Comprendí que la historia se repetía. Hace menos de un siglo el mundo quedó horrorizado ante el genocidio perpetrado por el nazismo. Juramos que nunca más. Prometimos no permitir que el odio y la indiferencia volvieran a devastar la dignidad humana. Sin embargo, hoy asistimos en silencio a otra tragedia colectiva. La pregunta es ineludible: ¿qué estamos haciendo nosotros, los que tanto nos escandalizamos con el pasado, para impedir que se repita en el presente?

Las pantallas nos sirven imágenes de niños mutilados, de edificios reducidos a polvo, de familias enterradas bajo escombros. Las vemos entre anuncios de móviles, perfumes y viajes de ensueño. El dolor se mezcla con la banalidad del consumo, y seguimos desplazando el dedo sobre la pantalla como si nada.

Pero el sufrimiento de esos niños no debería ser un eco lejano en la conciencia internacional. Es una llamada urgente a la humanidad, a cada uno de nosotros. Porque no basta con la compasión pasajera ni con la indignación fugaz: el verdadero compromiso exige no callar, no justificar, no mirar hacia otro lado.

Tendemos a pensar que lo que ocurre en Gaza es una «guerra eterna» entre judíos y árabes, un odio ancestral sin solución. No es así. Es un conflicto moderno, nacido en el siglo XX, donde se cruzaron memorias históricas y promesas incumplidas. Lo que hoy vemos tiene que ver con tierra, seguridad e identidad nacional. Y en medio de esa disputa, millones de vidas se encuentran    atrapadas entre muros, bombas y desesperanza.

Gaza, con apenas un puñado de kilómetros de costa en el Mediterráneo, alberga a más de dos millones de personas. La mayoría son niños y jóvenes que nunca han salido de allí, que conocen el mar, pero nunca han tenido la libertad de viajar, que han crecido entre cortes de luz, falta de agua potable y miedo a la siguiente explosión.

Israel, por su parte, vive bajo la amenaza constante de cohetes lanzados desde Gaza. En muchas casas, el sonido de la sirena es rutina. Niños que aprenden demasiado pronto lo que significa correr a un refugio. Vidas enteras reducidas a la lógica de la supervivencia.
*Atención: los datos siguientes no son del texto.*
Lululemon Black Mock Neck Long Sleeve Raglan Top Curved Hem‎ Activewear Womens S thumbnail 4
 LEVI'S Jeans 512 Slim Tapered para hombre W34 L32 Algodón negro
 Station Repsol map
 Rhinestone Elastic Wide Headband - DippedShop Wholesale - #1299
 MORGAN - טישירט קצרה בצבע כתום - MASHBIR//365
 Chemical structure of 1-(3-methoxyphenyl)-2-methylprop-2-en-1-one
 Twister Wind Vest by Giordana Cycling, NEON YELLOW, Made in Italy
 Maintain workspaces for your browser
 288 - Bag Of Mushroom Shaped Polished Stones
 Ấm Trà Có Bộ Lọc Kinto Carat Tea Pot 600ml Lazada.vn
Sin embargo, lo que rara vez aparece en los titulares es la dimensión humana. Más allá de banderas e ideologías, hay padres que intentan proteger a sus hijos, médicos que trabajan sin descanso en hospitales colapsados, jóvenes que sueñan con estudiar o enamorarse, abuelos que quisieran dejar como herencia algo distinto al miedo.

Hablar de Gaza no es hablar solo de geopolítica, ni de resoluciones internacionales que nunca se cumplen. Es hablar de vidas rotas y de resiliencias silenciosas. De seres humanos que, incluso en medio de la oscuridad, buscan razones para celebrar, para educar, para seguir amando.

Quizá el primer paso hacia la paz consista en algo tan sencillo, y tan complejo a la vez, como mirar este conflicto desde un punto de vista humano. Recordar que, más allá de las fronteras, nadie quiere vivir con miedo. Que todo niño merece jugar sin sobresaltos, toda madre ver crecer a sus hijos en paz, y todo pueblo tener un horizonte de dignidad.

Gaza sigue siendo el epicentro de un conflicto que no debería llamarse eterno, sino urgente. Y si seguimos mirando hacia otro lado, si aceptamos esta devastación como algo inevitable, entonces ningún Dios —ni el de los judíos, ni el de los musulmanes, ni el de los cristianos— nos perdonará.